____ Data provided

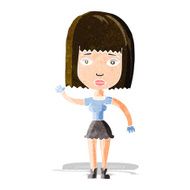 cartoon waving woman N30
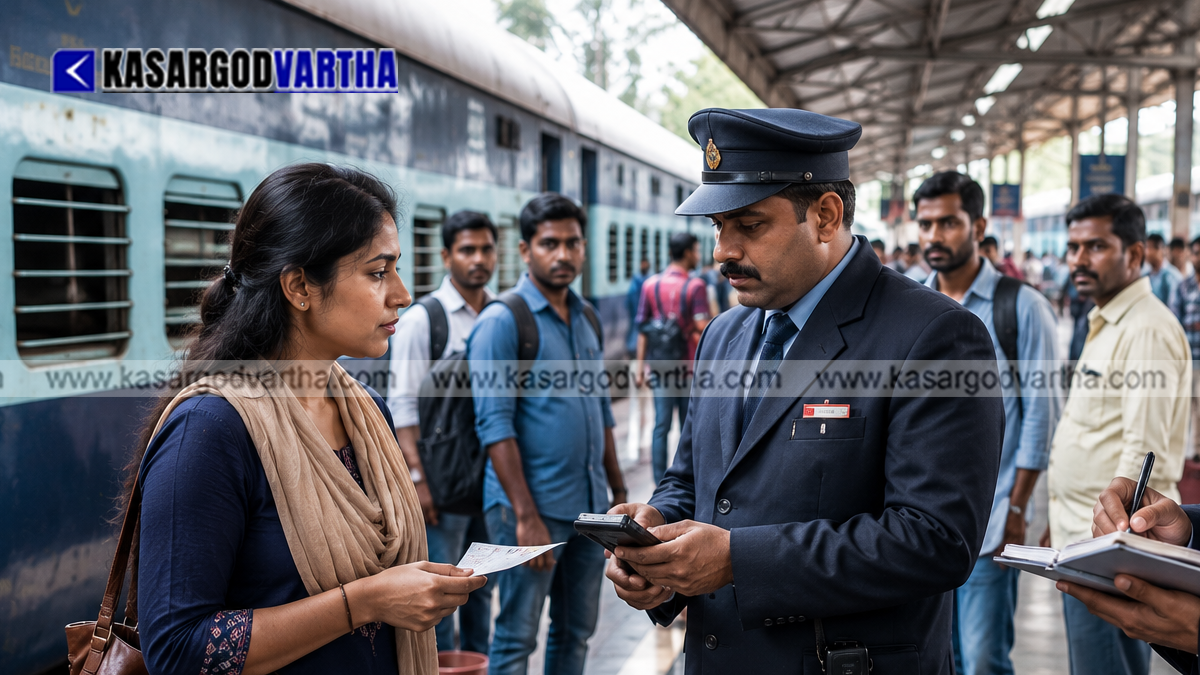 Train passengers on an Indian Railway platform.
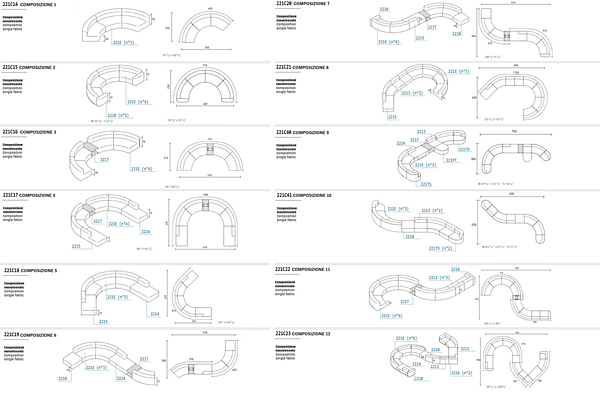 Curved modular fabric garden sofa with soft back VARASCHIN Circle Belt 221 factory VARASCHIN from Italy. Foto №14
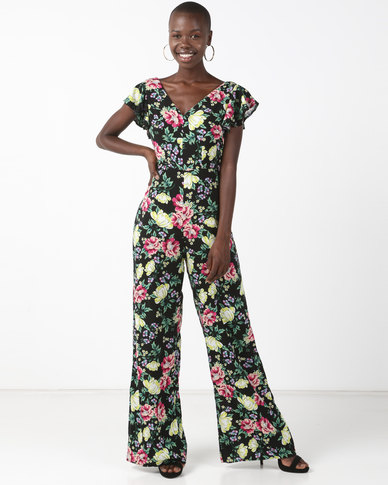 Legit V-Neck Flutter Sleeve Jumpsuit Multi | Zando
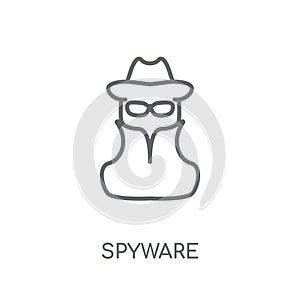 Spyware linear icon. Modern outline Spyware logo concept on whit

________

▶ **Required action**:
Copy the data verbatim, skipping any image it holds.

▶ **Answer for the task**:
 cartoon waving woman N30
 Train passengers on an Indian Railway platform.
 Curved modular fabric garden sofa with soft back VARASCHIN Circle Belt 221 factory VARASCHIN from Italy. Foto №14
 Legit V-Neck Flutter Sleeve Jumpsuit Multi | Zando
 Spyware linear icon. Modern outline Spyware logo concept on whit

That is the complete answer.